Why is there such a rise in ML applications? Not only in our everyday lives has ML become omnipresent, but also the number of research paper published each year has increased exponentially:

Data Source:

Interestingly, this is not due to an abundance of groundbreaking theoretical accomplishments in the last few years (indicated as purple diamonds in the plot), but rather many of the algorithms used today were actually developed as far back as the late 50s / early 60s. For example, the perceptron is a precursor of neural networks, which are behind all the examples shown in the last section. Indeed, the most important neural network architectures, recurrent neural networks (RNN) and convolutional neural networks (CNN), which provide the foundation for state-of-the-art language and image processing respectively, were developed in the early 80s and 90s. But back then we lacked the computational resources to use them on anything more than small toy datasets.

This is why the rise in ML publications correlates more closely with the number of transistors on CPUs (i.e., the regular processors in normal computers) and GPUs (graphics cards, which parallelize the kinds of computations needed to train neural network models efficiently):

Data Source:

Additionally, the release of many open source libraries, such as scikit-learn (for traditional ML models) and theano, tensorflow, and (py)torch (for the implementation of neural networks), has further facilitated the use of ML algorithms in many different fields.

While these libraries democratize the use of ML, unfortunately, this also brings with it the downside that ML is now often applied without a sound understanding of the theoretical underpinnings of these algorithms or their assumptions about the data.
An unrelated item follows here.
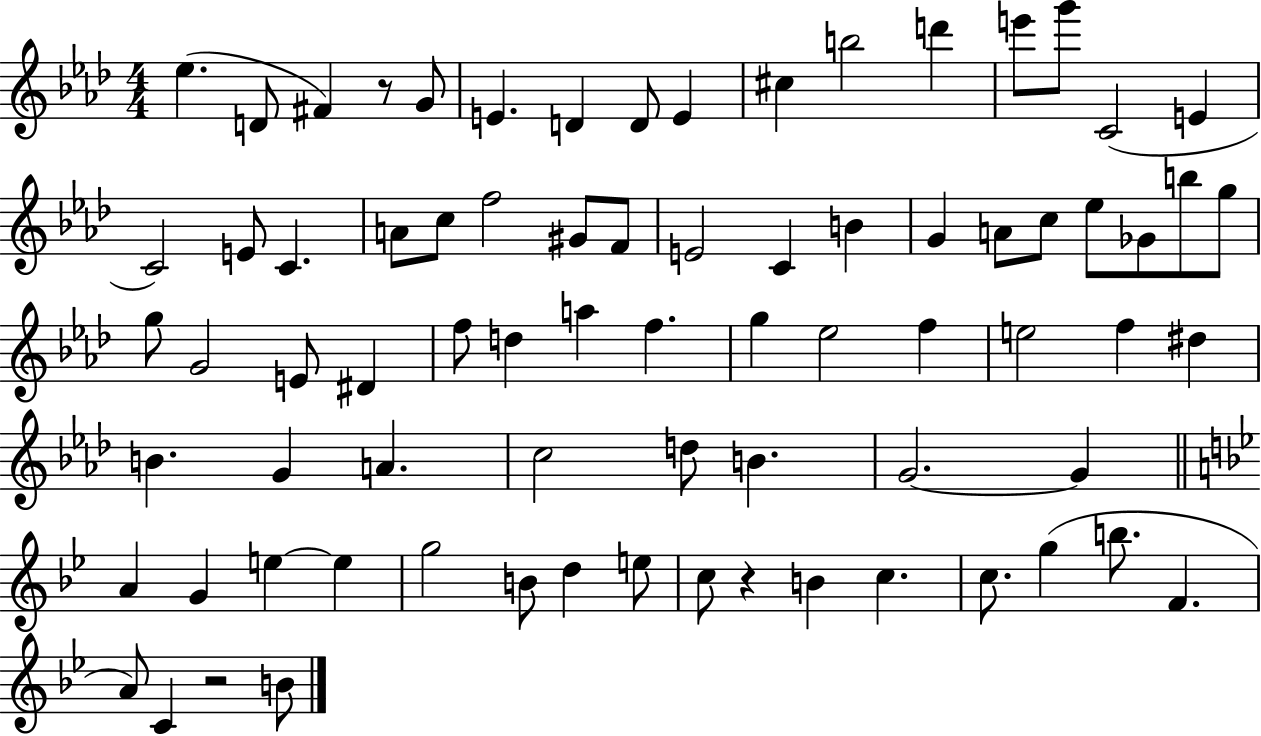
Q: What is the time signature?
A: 4/4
This can result in models that don’t show the expected performance and subsequently some (misplaced) disappointment in ML. In the worst case, it can lead to models that discriminate against certain parts of the population, e.g., credit scoring algorithms used by banks that systematically give women loans at higher interest rates than men due to biases encoded in the historical data used to train the models. We’ll discuss these kinds of issues in the chapter on avoiding common pitfalls.

Another factor driving the spread of ML is the availability of (digital) data. Companies like Google, Amazon, and Meta have had a head start here, as their business model was built around data from the start, but other companies are starting to catch up. While traditional ML models do not benefit much from all this available data, large neural network models with many degrees of freedom can now show their full potential by learning from all the texts and images posted every day on the Internet:


But we’re still far from Artificial General Intelligence (AGI)!


An AGI is a computer program that, just like a human, excels at a wide variety of different tasks at once and can learn to master new skills by itself.

What is used in practice instead is Artificial Narrow Intelligence (ANI): models explicitly programmed to solve a specific task(s), e.g., translate texts from one language to another. But they can’t generalize (on their own) to different tasks, i.e., the machine translation model will not tomorrow decide that it now also wants to recognize faces in images. Of course, one can combine several individual ANIs into one big program that solves multiple different tasks, but this collection of ANIs is still not able to learn (on its own) any new skills beyond these capabilities. Many AI researchers currently believe that we might never produce a true human-like AGI.